= What to work on =
Below is a listing; repeat exactly the lines from the one containing "scanning web page within a website." to the one containing "Triang Tin Plate", both included.

= Listed records =
#####

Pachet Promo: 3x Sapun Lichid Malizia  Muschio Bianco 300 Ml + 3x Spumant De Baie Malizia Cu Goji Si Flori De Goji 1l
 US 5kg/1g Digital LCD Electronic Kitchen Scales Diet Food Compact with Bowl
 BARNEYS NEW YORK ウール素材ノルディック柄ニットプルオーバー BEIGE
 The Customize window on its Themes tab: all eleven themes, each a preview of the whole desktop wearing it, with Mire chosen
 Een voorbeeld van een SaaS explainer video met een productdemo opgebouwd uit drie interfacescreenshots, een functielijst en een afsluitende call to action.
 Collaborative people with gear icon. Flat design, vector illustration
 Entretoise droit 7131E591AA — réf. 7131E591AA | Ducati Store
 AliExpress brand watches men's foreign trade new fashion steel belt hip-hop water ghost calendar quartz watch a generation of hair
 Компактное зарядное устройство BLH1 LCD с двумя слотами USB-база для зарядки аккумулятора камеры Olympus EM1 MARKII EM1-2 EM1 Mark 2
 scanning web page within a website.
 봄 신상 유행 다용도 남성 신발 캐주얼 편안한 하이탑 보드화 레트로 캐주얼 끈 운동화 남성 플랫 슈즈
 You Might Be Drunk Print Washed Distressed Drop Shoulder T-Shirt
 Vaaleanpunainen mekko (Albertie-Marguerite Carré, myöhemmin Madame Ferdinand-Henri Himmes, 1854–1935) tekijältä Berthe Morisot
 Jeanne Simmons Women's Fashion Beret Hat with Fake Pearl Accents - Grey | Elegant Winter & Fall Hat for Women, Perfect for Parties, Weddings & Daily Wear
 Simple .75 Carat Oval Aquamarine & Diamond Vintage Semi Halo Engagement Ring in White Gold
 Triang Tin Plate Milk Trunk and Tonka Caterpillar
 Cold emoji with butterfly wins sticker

#####

= Result of this task =
 scanning web page within a website.
 봄 신상 유행 다용도 남성 신발 캐주얼 편안한 하이탑 보드화 레트로 캐주얼 끈 운동화 남성 플랫 슈즈
 You Might Be Drunk Print Washed Distressed Drop Shoulder T-Shirt
 Vaaleanpunainen mekko (Albertie-Marguerite Carré, myöhemmin Madame Ferdinand-Henri Himmes, 1854–1935) tekijältä Berthe Morisot
 Jeanne Simmons Women's Fashion Beret Hat with Fake Pearl Accents - Grey | Elegant Winter & Fall Hat for Women, Perfect for Parties, Weddings & Daily Wear
 Simple .75 Carat Oval Aquamarine & Diamond Vintage Semi Halo Engagement Ring in White Gold
 Triang Tin Plate Milk Trunk and Tonka Caterpillar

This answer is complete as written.